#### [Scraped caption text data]
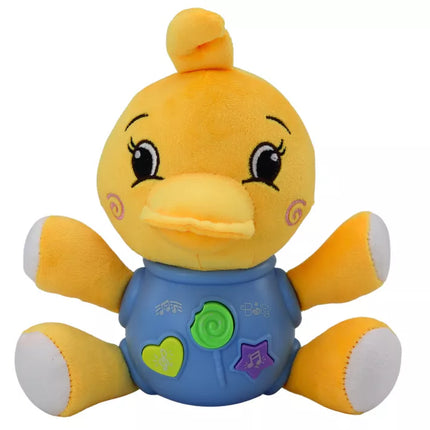 Pliušinis interaktyvus geltonas ančiukas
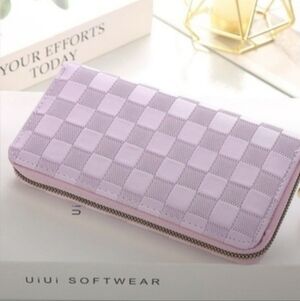 Zenna Outfitters-Vegan Zip-Around Wallet - (Lilac 💜)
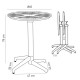 Moon Cafe Fixed Or Folding Premium Designer UV Resistant Indoor & Outdoor Table Moon Cafe Fixed Or Folding Premium Designer UV Resistant Indoor & Outdoor Table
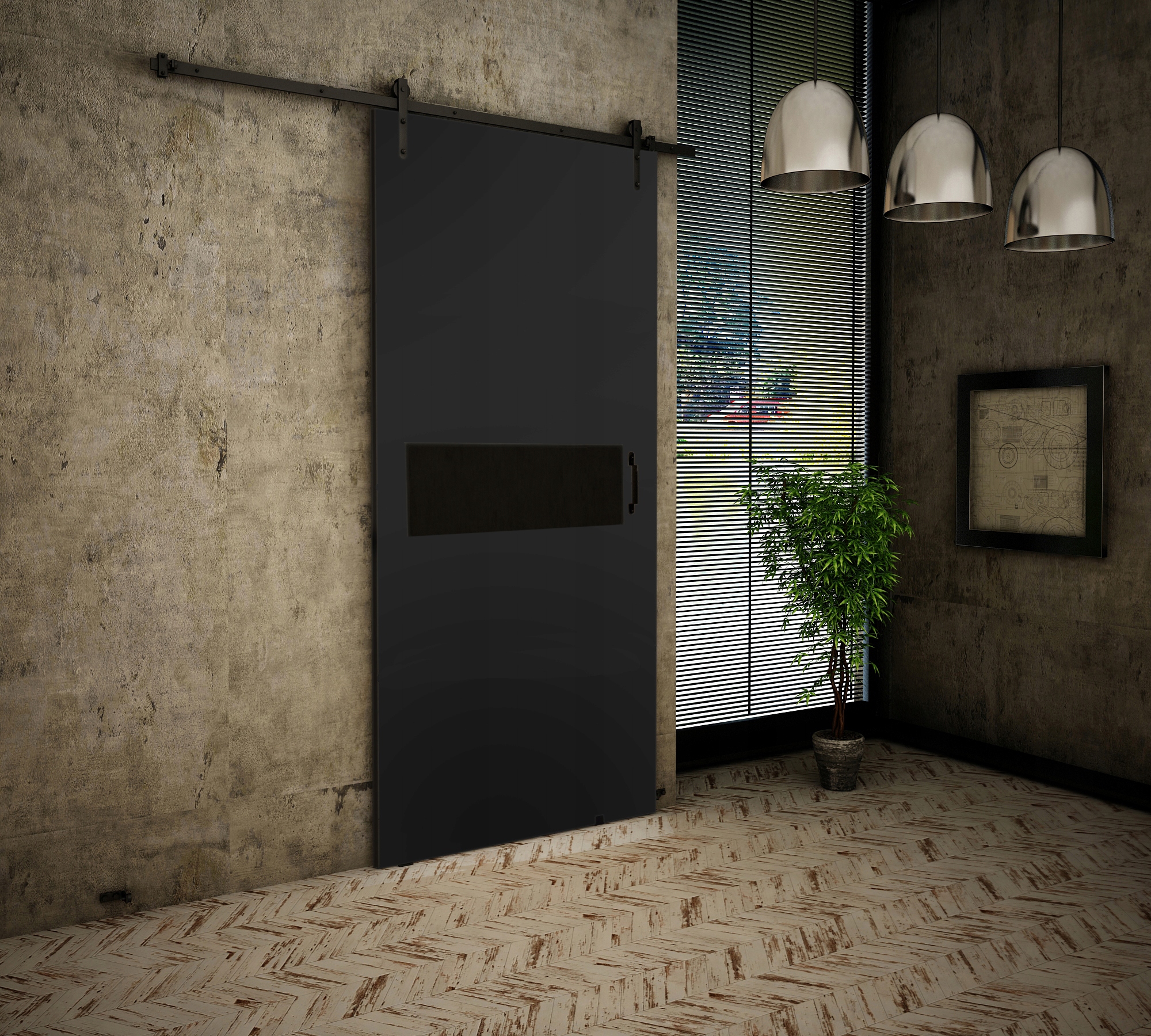 Drzwi przesuwne LOFT 100 L-4 WZORY Marka Kier Furniture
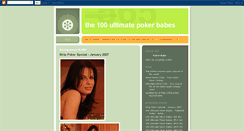 Desktop Screenshot of 100pokerbabes.blogspot.com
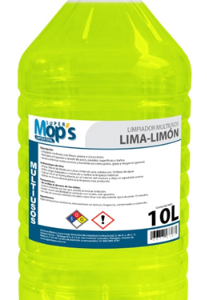 LIMPIADOR MULTIUSOS LIMA LIMÓN 10LT SUPER MOPS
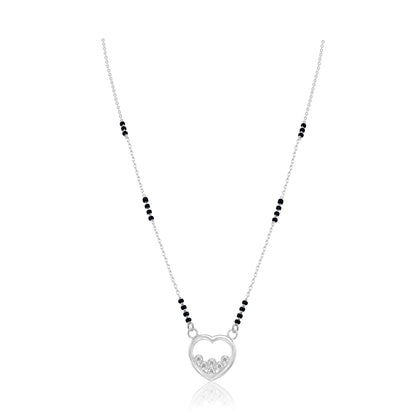 Loves 925 Silver Mangalsutra Chain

#### [Prompt]
Please write out all the entries above exactly, but leave out the pictures.

#### [Answer box]
 Pliušinis interaktyvus geltonas ančiukas
 Zenna Outfitters-Vegan Zip-Around Wallet - (Lilac 💜)
 Moon Cafe Fixed Or Folding Premium Designer UV Resistant Indoor & Outdoor Table Moon Cafe Fixed Or Folding Premium Designer UV Resistant Indoor & Outdoor Table
 Drzwi przesuwne LOFT 100 L-4 WZORY Marka Kier Furniture
 Desktop Screenshot of 100pokerbabes.blogspot.com
 LIMPIADOR MULTIUSOS LIMA LIMÓN 10LT SUPER MOPS
 Loves 925 Silver Mangalsutra Chain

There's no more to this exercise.